Den Zusammenhang zwischen Armutsbetroffenheit und Mobbing erläutert Felling anhand der Studie „Health Behaviour in School-aged Children" 2017/18, "Schulisches Mobbing unter Kindern und Jugendlichen" des HBSC-Studienverbunds Deutschland (Gesundheitsberichterstattung des Bundes). Demnach werden Heranwachsende aus Familien mit niedrigem Wohlstand häufiger gemobbt als Gleichaltrige aus Familien mit höherem Wohlstand. Mädchen und Jungen mit Migrationshintergrund berichten zudem häufiger, selbst in der Schule gemobbt zu werden, als jene ohne Migrationshintergrund. Fehlende Markenkleidung oder ein veraltetes Handy können schnell Angriffsfläche bieten. Wenn Sprache, Aussehen, Herkunft oder kulturelle Aspekte ganzer Gruppen von Menschen im Mittelpunkt des Angriffs stehen, spricht man von gruppenbezogener Diskriminierung. Im Dialog wird deutlich, dass jede*r sowohl Täter*in als auch Opfer von Mobbing sein kann. Um Mobbing bereits früh erkennen zu können, nennt Felling den Teilnehmer*innen fünf Merkmale:

  • Eine Person wird über einen längeren Zeitraum wiederkehrend angegriffen
  • Es finden direkte oder indirekte verbale, physische und psychische Attacken statt
  • Zwischen Täter(n) und Opfer besteht ein Machtgefälle
  • Die angegriffene Person kann sich nicht selbst zur Wehr setzen
  • Mobbing vollzieht sich in einer Gruppe und bezieht alle Gruppenmitglieder in unterschiedlichen Rollen mit ein

Auch wenn nicht jeder Streit Mobbing sei, könne man durch besondere Aufmerksamkeit Mobbing erkennen und Kinder und Jugendliche vor den verheerenden Folgen schützen.

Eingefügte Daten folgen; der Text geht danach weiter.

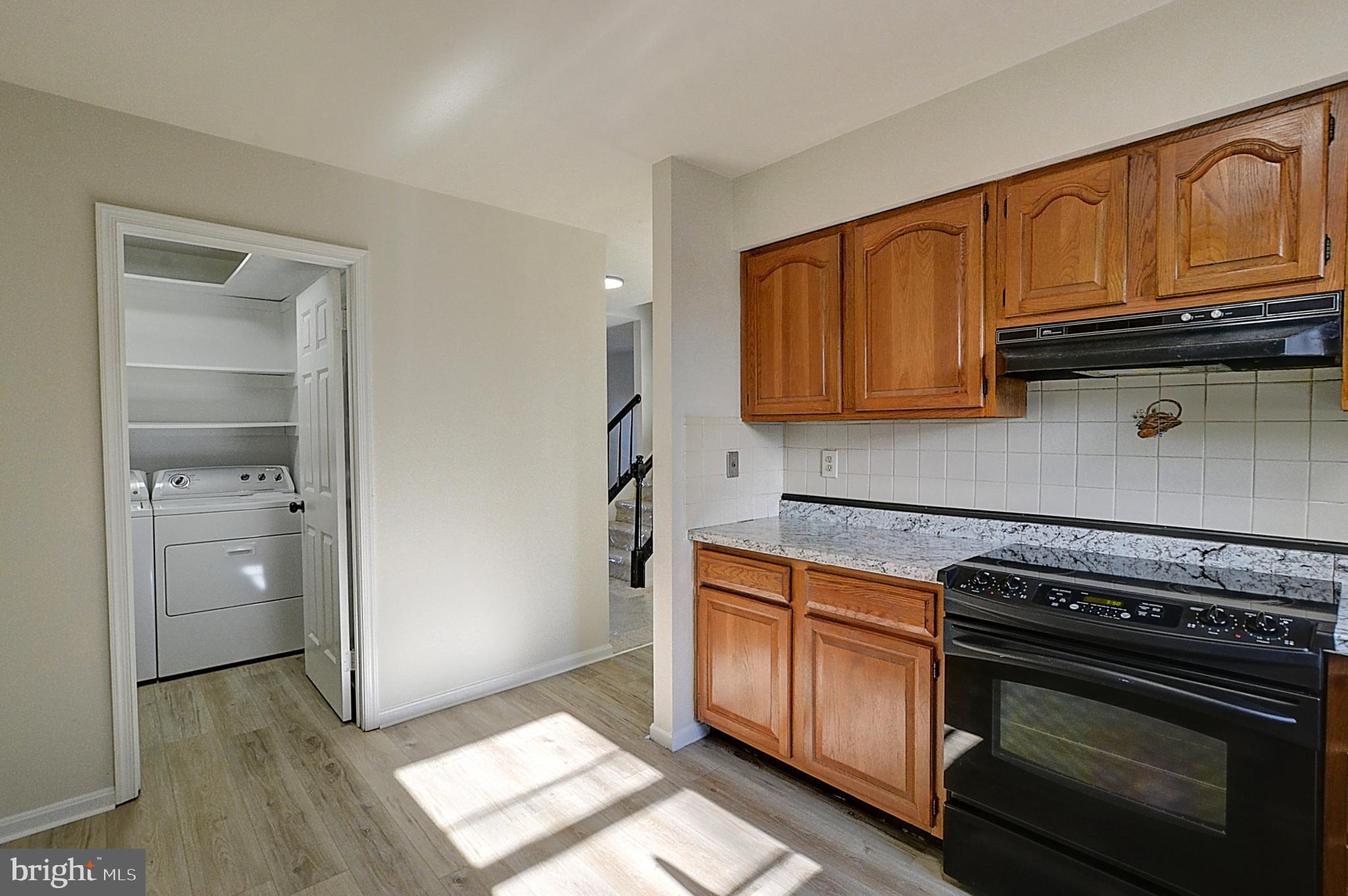 DUMONT OAKS - Residential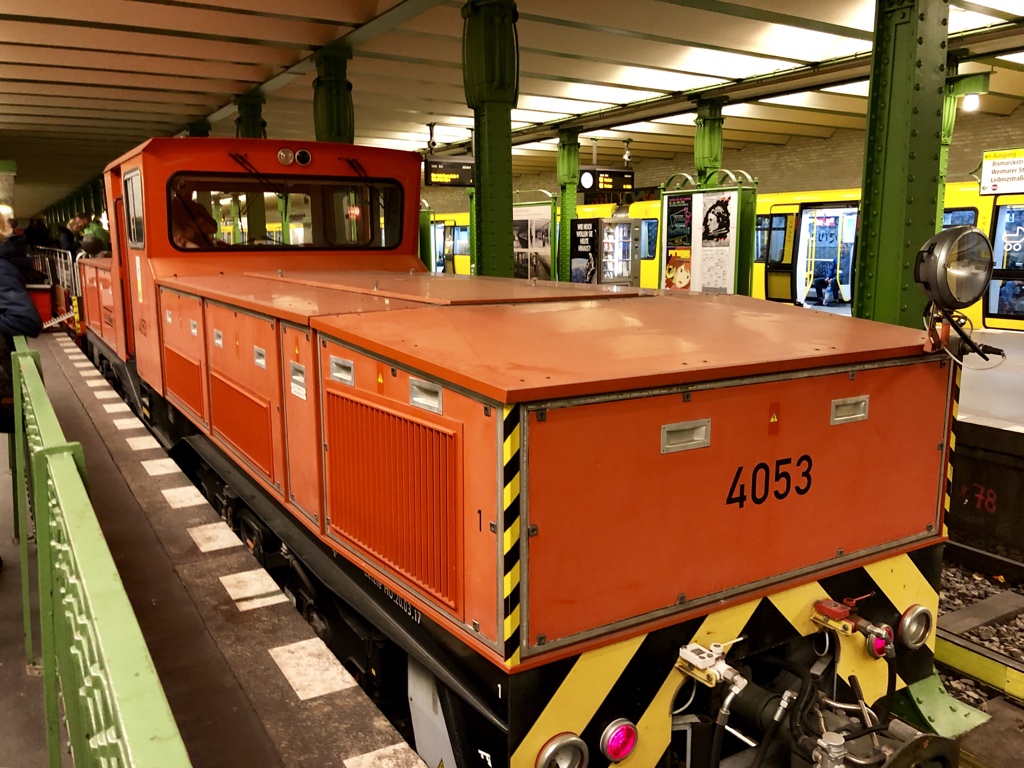 clarinet's tweet photo. @transitmap The open car tour of the U-Bahn in Berlin has to be a highlight!! https://t.co/wLmuSrDqF0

Prävention und Lösungsansätze

Was ist zu tun, damit Mobbing erst gar nicht entsteht? Die Präventionsmaßnahmen, die Felling in der Online-Veranstaltung vorstellt, machen Mut. Wer Medien- und Sozialkompetenz der Kinder und Jugendlichen stärkt, Hilfestrukturen aufbaut und Regeln mitentwickelt, trägt maßgeblich dazu bei, (Cyber-)Mobbing vorzubeugen. "Prävention muss als Ziel dauerhaft verankert werden", so Felling. Eine Teilnehmerin berichtet über positive Erfahrungen mit einem Gewaltpräventionsprogramm für Kitas. Das Erkennen von Gefühlen bei sich und anderen sowie die Wertschätzung untereinander hätten sich als wichtige Präventionspfeiler erwiesen.

Um bereits bestehende Mobbingfälle zu entschärfen, widmet sich Felling den Prinzipien der Intervention und ihren Möglichkeiten. Als besonders praxistauglich wird von einigen Teilnehmenden der vorgestellte No-Blame-Approach gelobt, bei dem auf Schuldzuweisungen verzichtet wird. Vielmehr werden die am Mobbing Beteiligten aktiv in den Lösungsprozess eingebunden. "Die Schüler*innen wachsen daran, selbst zur Problemklärung beitragen zu können", berichtet eine Fachkraft aus der Schulsozialarbeit.

Unabhängig davon, wie sich Mobbing entwickelt und an wen es sich richtet – Einigkeit herrscht darüber, stets ein wachsames Auge zu haben und bei Bedarf aktiv zu werden. "Fachkräfte sind in der Pflicht, zu handeln und zu reagieren", betont Felling. "Seid gute Verbündete", ermutigt Corinna Spanke, Fachberaterin der LVR-Koordinationsstelle Kinderarmut, die Teilnehmenden.

Henry, seinen Mitschüler*innen und den Fachkräften kann es gemeinsam gelingen, ihn vor Mobbing zu schützen. Dafür haben die Teilnehmenden des LVR-Austauschformats zum Thema Armut und Mobbing nun ihren Blick geschärft.